Exercise aim — An exact copy is all that is wanted: the lines from the one with "5 x 4 Apex Shed" through the end of the listing below, both included, minus any pictures.

+ + + + +

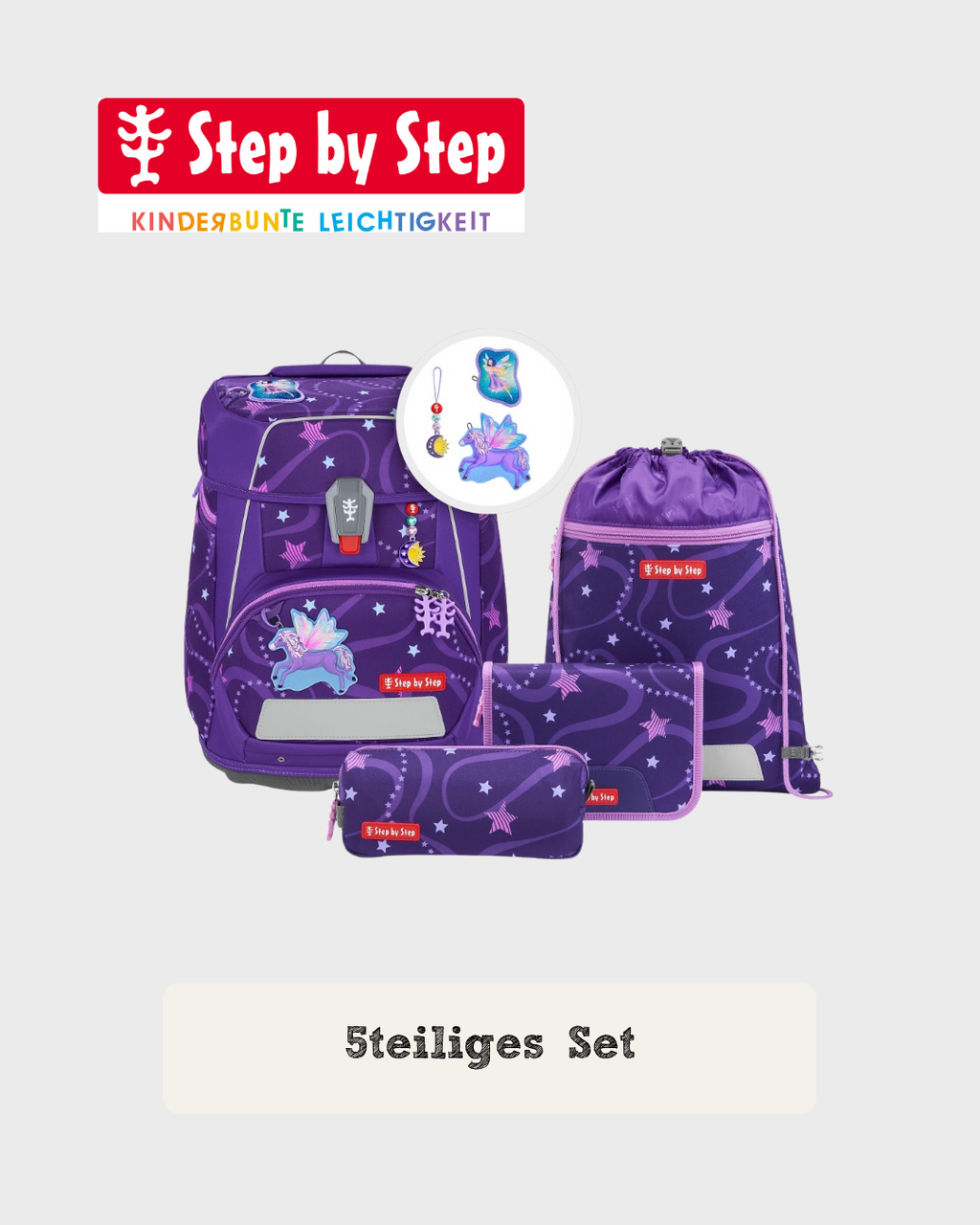 Step by Step SPACE Schulranzen-Set "Pegasus Emily", 5-teilig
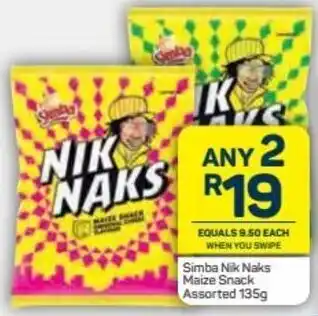 Pick n Pay Simba Nik Naks Maize Snack 2 x 135g offer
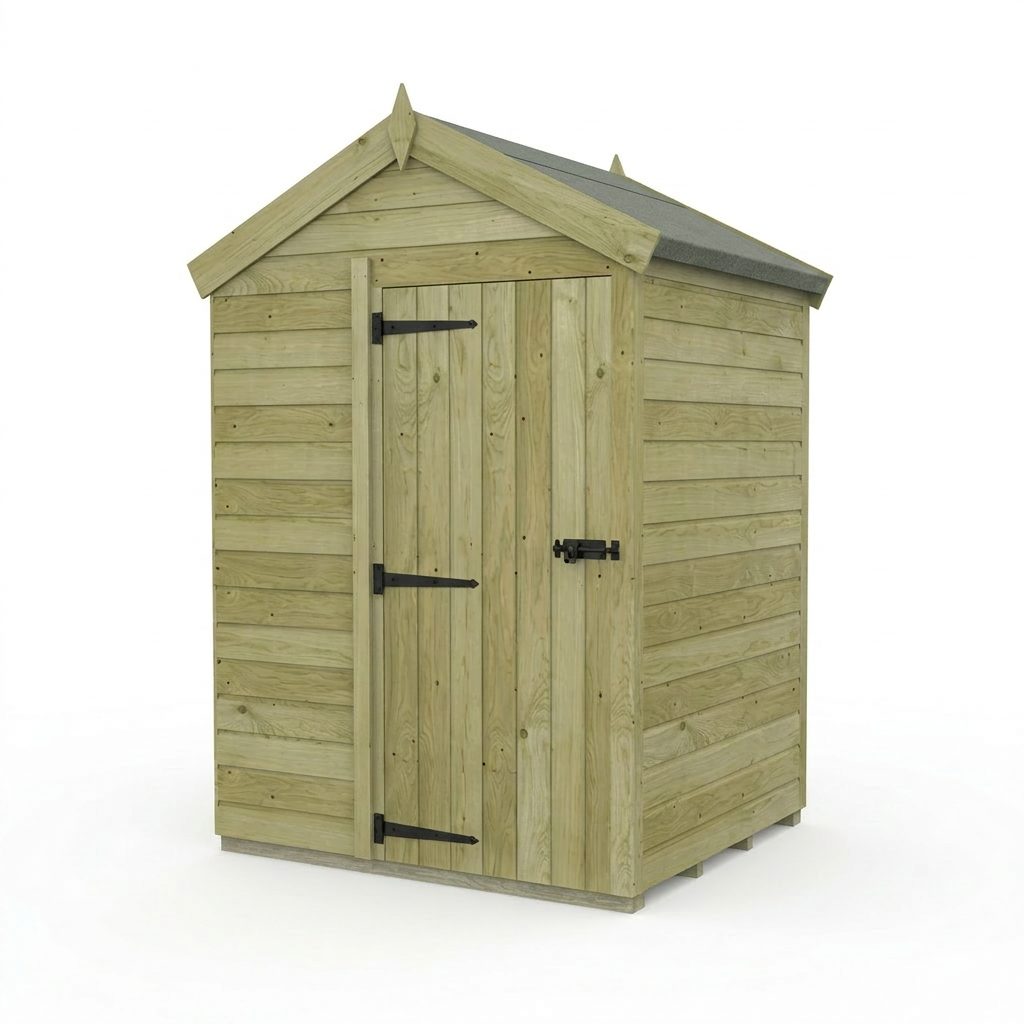 5 x 4 Apex Shed (Single Door, No Windows) - view 3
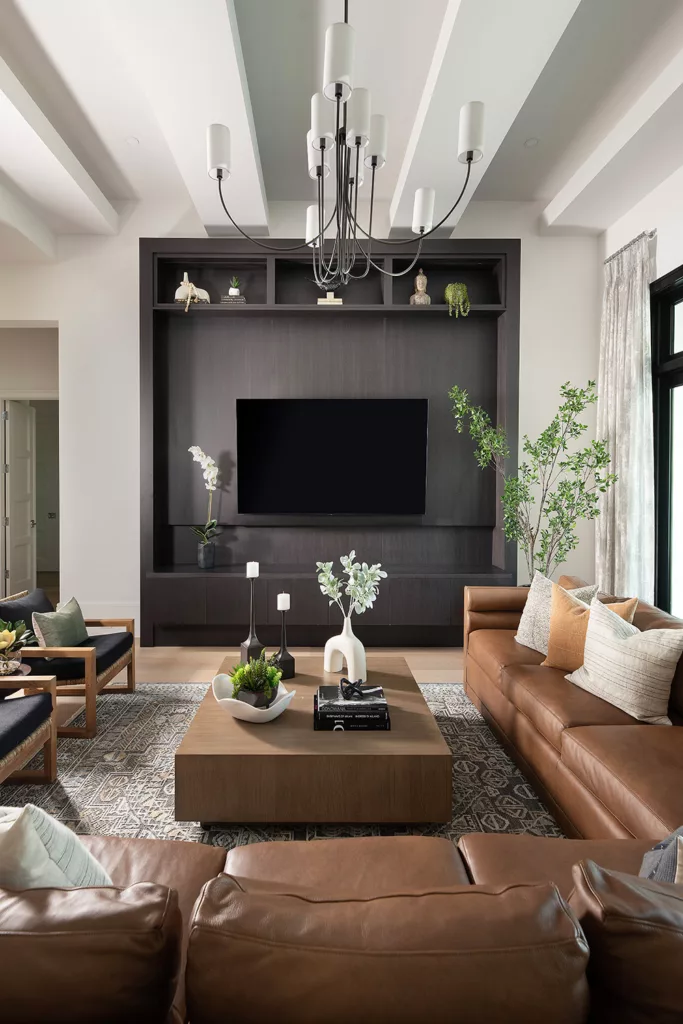 Living room with custom cabinets
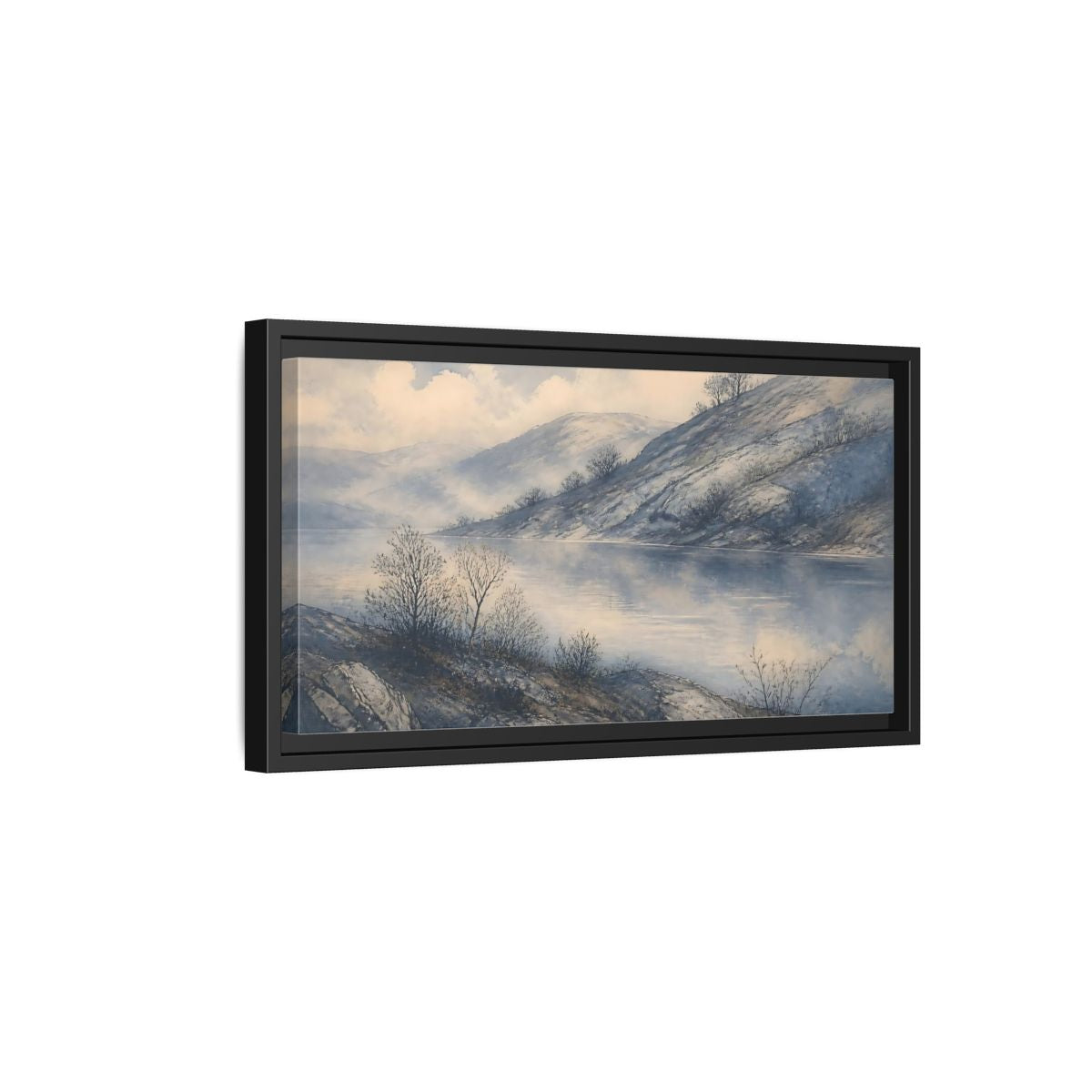 Side Mockup 8. Misty Lakeside Hills shown as framed canvas print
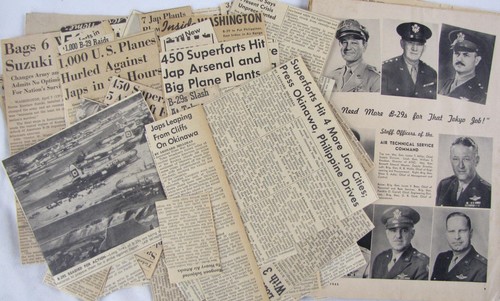 Vintage 1942-45 US Army Air Corps - B-29 Pilots Newspaper Ads & Clippings Lot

+ + + + +

Expected output —
 5 x 4 Apex Shed (Single Door, No Windows) - view 3
 Living room with custom cabinets
 Side Mockup 8. Misty Lakeside Hills shown as framed canvas print
 Vintage 1942-45 US Army Air Corps - B-29 Pilots Newspaper Ads & Clippings Lot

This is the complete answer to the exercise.